When I was little, I used to spend an hour or more in the shower, but I only took them when my grandmother forced me to. Most of my was spent with the water running while I sat on the floor and daydreamed, and the actual shower didn't take long at all.

When I moved out, I still took them as seldom as I could get away with, but I also stopped spending an hour just hanging out in that room.

I used to tell people I'm hydrophobic, but I've never really been that stressed about rain or swimming. It was more of an excuse for why I hate showering. But looking back, I realize that I spent so long hiding in the bathroom because it was my refuge. We had enough bathrooms that no one was ever yelling for me to hurry up, and if I was in the shower, then no one was yelling for me to do things either.

But at the same time, I hated showering because my grandmother made sure that I knew, beyond any shadow of a doubt, that I was incapable of washing my own hair. Every time I went in, she gave me a lecture for how to wash my hair that included scratching my scalp raw. Every time I got out, she wanted to know if I did it right this time. When I moved out, I internalized that, and I still can't shake the feeling that if I'm not scratching at it until I bleed, I've done it wrong.
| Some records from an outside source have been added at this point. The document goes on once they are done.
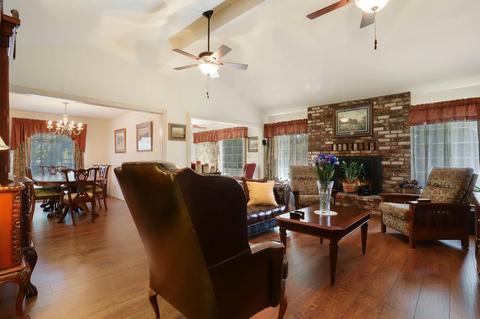 5235 Archerdale Rd, Linden, CA 95236 photo 9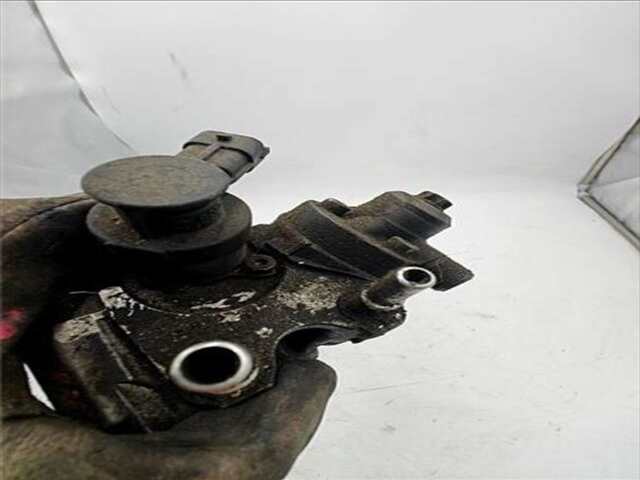 Foto 2ª: Bomba Inyeccion Citroen C4 1.6 BLACK ATTRACTION 2WD [1.6 LTR. - 84 KW E-HDI FAP]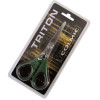 Triton Triple Scissors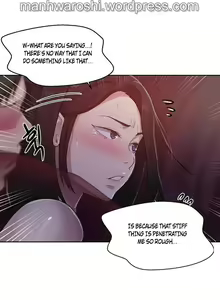 Page 508 of Secret Class Ch.120/? - preview thumbnail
Today, I willingly took a shower. It's something I do more frequently now, though still not as much as I should. Nowadays, showering means time with myself, thinking about the past and what my grandmother taught me, and I like to get out quickly. But today, I had this epiphany.

I'm pretty sure my grandmother kind of ruined my hair. She always insisted that it was horribly oily and any amount of oil was bad. I don't know if I always had dry hair, but I'm pretty sure I do now. All of which is a kind of roundabout way of reminding myself that she was wrong. She was wrong about the scalp's natural oils, and she was wrong about how to deal with them.

I don't need to hide in the bathroom anymore. It's time to stop being critical of my hair-washing skills, now.